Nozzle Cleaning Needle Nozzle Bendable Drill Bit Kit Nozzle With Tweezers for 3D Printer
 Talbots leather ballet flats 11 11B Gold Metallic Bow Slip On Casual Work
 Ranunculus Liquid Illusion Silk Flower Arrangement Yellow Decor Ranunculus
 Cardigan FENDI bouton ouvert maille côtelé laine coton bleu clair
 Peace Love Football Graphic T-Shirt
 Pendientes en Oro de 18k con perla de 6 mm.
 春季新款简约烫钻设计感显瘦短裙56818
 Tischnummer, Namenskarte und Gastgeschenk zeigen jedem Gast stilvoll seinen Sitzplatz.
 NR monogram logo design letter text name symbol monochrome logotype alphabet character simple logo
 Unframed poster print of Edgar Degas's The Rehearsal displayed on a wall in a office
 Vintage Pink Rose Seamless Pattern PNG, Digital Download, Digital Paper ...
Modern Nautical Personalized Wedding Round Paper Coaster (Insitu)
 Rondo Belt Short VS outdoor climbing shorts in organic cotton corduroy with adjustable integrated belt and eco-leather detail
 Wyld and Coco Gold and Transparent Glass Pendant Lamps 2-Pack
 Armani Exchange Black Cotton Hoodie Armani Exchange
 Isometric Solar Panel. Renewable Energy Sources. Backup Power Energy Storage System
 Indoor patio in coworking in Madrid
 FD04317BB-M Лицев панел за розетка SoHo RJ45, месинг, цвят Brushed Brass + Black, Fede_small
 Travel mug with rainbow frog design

## What you will do
The records above need copying. Do it exactly.

## Answer to the exercise
Nozzle Cleaning Needle Nozzle Bendable Drill Bit Kit Nozzle With Tweezers for 3D Printer
 Talbots leather ballet flats 11 11B Gold Metallic Bow Slip On Casual Work
 Ranunculus Liquid Illusion Silk Flower Arrangement Yellow Decor Ranunculus
 Cardigan FENDI bouton ouvert maille côtelé laine coton bleu clair
 Peace Love Football Graphic T-Shirt
 Pendientes en Oro de 18k con perla de 6 mm.
 春季新款简约烫钻设计感显瘦短裙56818
 Tischnummer, Namenskarte und Gastgeschenk zeigen jedem Gast stilvoll seinen Sitzplatz.
 NR monogram logo design letter text name symbol monochrome logotype alphabet character simple logo
 Unframed poster print of Edgar Degas's The Rehearsal displayed on a wall in a office
 Vintage Pink Rose Seamless Pattern PNG, Digital Download, Digital Paper ...
Modern Nautical Personalized Wedding Round Paper Coaster (Insitu)
 Rondo Belt Short VS outdoor climbing shorts in organic cotton corduroy with adjustable integrated belt and eco-leather detail
 Wyld and Coco Gold and Transparent Glass Pendant Lamps 2-Pack
 Armani Exchange Black Cotton Hoodie Armani Exchange
 Isometric Solar Panel. Renewable Energy Sources. Backup Power Energy Storage System
 Indoor patio in coworking in Madrid
 FD04317BB-M Лицев панел за розетка SoHo RJ45, месинг, цвят Brushed Brass + Black, Fede_small
 Travel mug with rainbow frog design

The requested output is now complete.